After seven months of intense training, 18 young South Africans graduated from the internationally recognised Wind Turbine Service Technician programme, in Cape Town, on Thursday, which also happened to be Global Wind Day.
Five of the seven months of training were spent at the South African Renewable Energy Technology Centre (Saretec) in Cape Town, with the remaining two months spent doing practical in-service training on a wind farm.
The Wind Turbine Service Technician programme is South Africa’s first formal qualification in the wind sector and offers intake to students with a minimum of an NQF Level 4 qualification.
Saretec director Naim Rassool said at the ceremony the centre aimed to be a global trainer in the rapidly expanding wind energy industry and to benchmark itself with training centres in Europe.
He said Saretec had a progressive organisational culture and worked closely with the industry, including companies like Nordex Group South Africa, which specialises in producing onshore turbines in the 1.5 MW to 3.9 MW class.
Rassool said the face of the industry had changed significantly over the past few years.
“Many of our students from the rural areas are entering a wind energy industry that used to be dominated by European technicians. Now the situation is completely different, with so many local technicians. This is extremely positive.”

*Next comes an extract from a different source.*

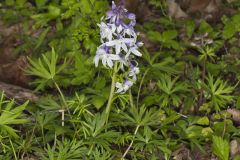 Dwarf Larkspur, Delphinium tricorne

Also speaking at the ceremony, South African Wind Energy Association CEO Brenda Martin called on the government to resolve the impasse on the power purchase agreements that form part of bid window four of the Renewable Energy Independent Power Producer Procurement Programme.
“The industry is struggling on many fronts. The entire value chain is feeling the effects of this delay,” said Martin, adding that she would be looking forward to a meeting in Parliament next week, which she hoped would spell good news for the renewable energy industry, which had employed 26 000 people over the past four years.
Despite the delay of the power purchase agreements, she encouraged the graduates to adapt and make the most of their training and talents. She said the graduates, who come from backgrounds ranging from aviation and mechanics to the South African navy, would be able to transfer their skills into this new industry.
The graduates said the qualification meant a lot to them.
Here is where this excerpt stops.